— What is required —
The range runs from the line containing "Vauxhall Zafira 1.6" to the last line of the entries. Restate those lines word for word, without the pictures.

= Beginning of Section =

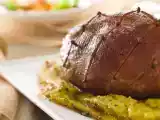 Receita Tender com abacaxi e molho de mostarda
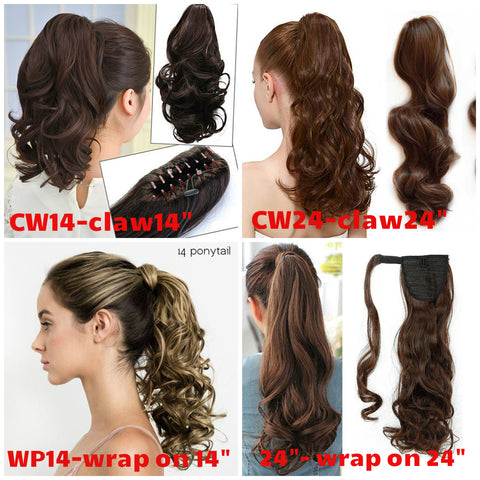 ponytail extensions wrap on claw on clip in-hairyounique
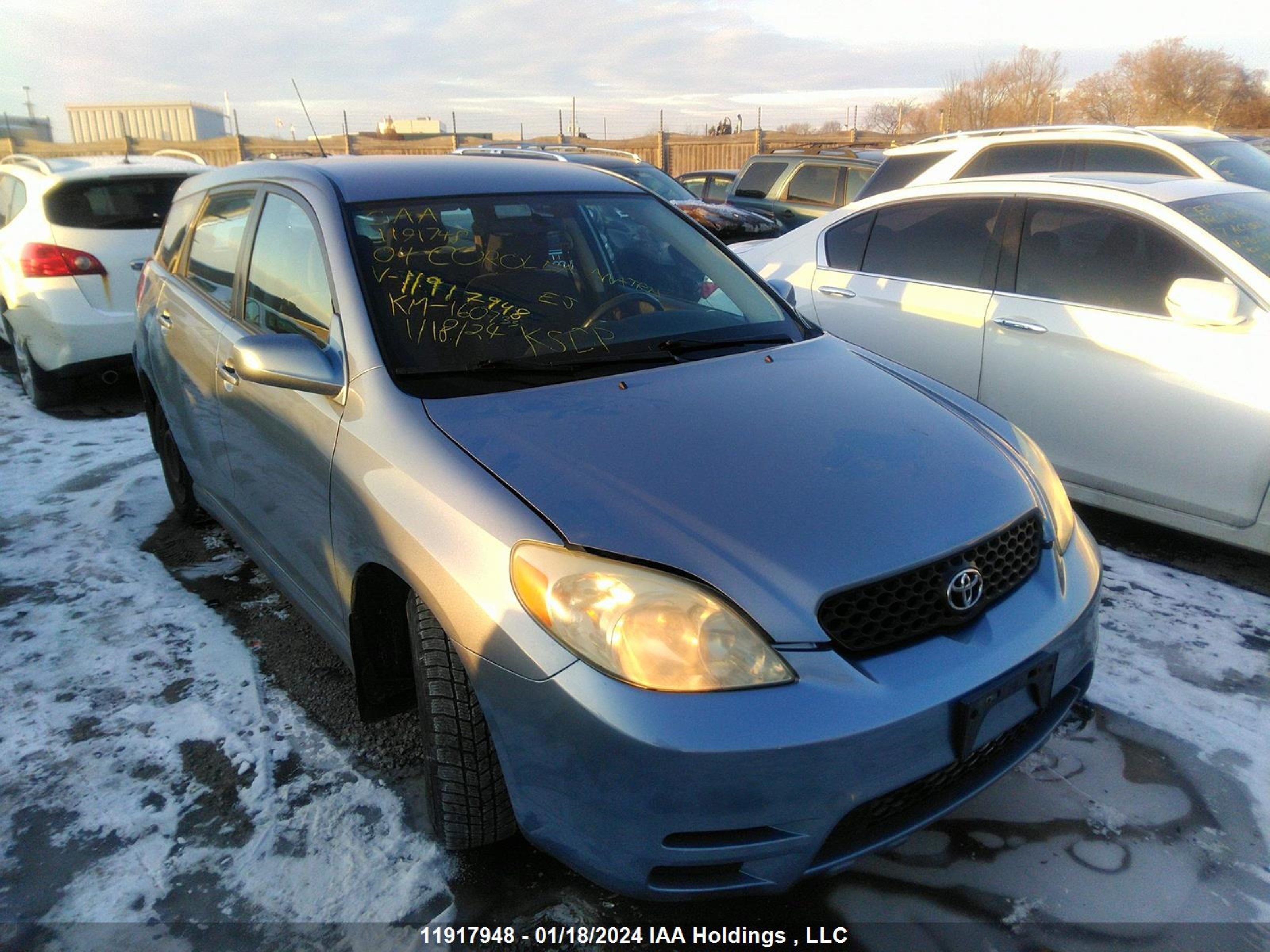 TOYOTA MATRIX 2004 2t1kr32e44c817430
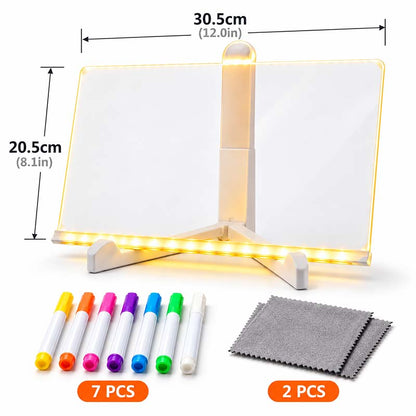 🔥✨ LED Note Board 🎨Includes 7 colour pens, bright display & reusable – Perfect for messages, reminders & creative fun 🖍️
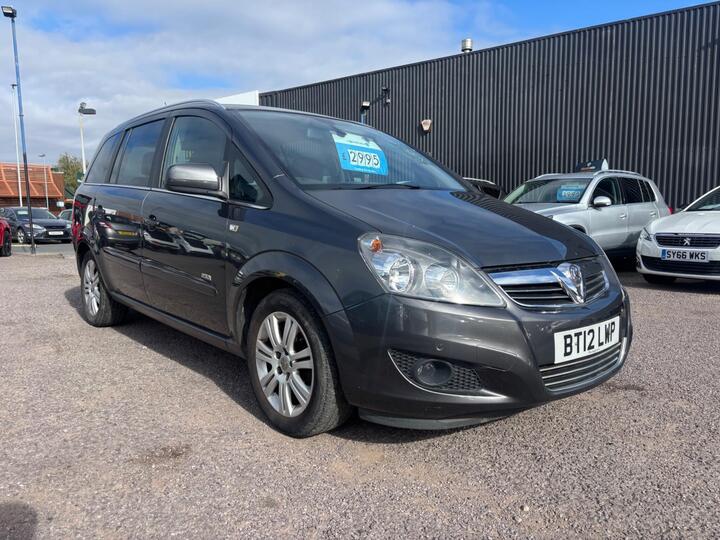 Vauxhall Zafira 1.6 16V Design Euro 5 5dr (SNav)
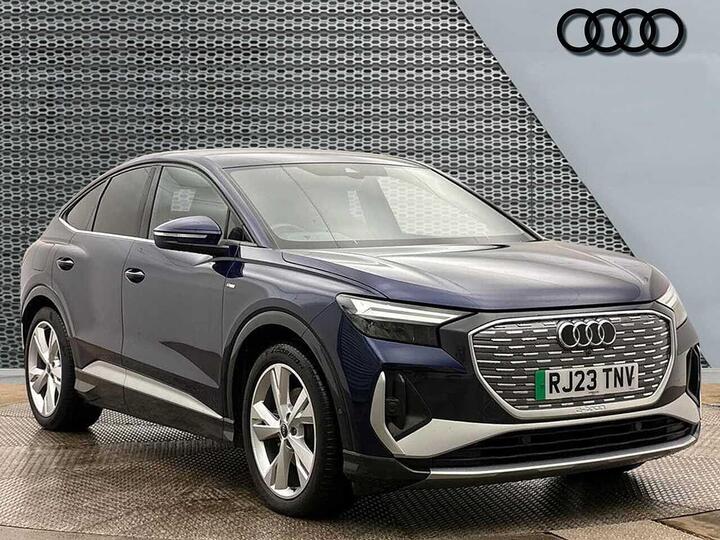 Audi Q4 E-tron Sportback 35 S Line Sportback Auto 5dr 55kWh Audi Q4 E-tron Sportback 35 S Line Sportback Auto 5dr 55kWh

= End of Section =

— Output —
 Vauxhall Zafira 1.6 16V Design Euro 5 5dr (SNav)
 Audi Q4 E-tron Sportback 35 S Line Sportback Auto 5dr 55kWh Audi Q4 E-tron Sportback 35 S Line Sportback Auto 5dr 55kWh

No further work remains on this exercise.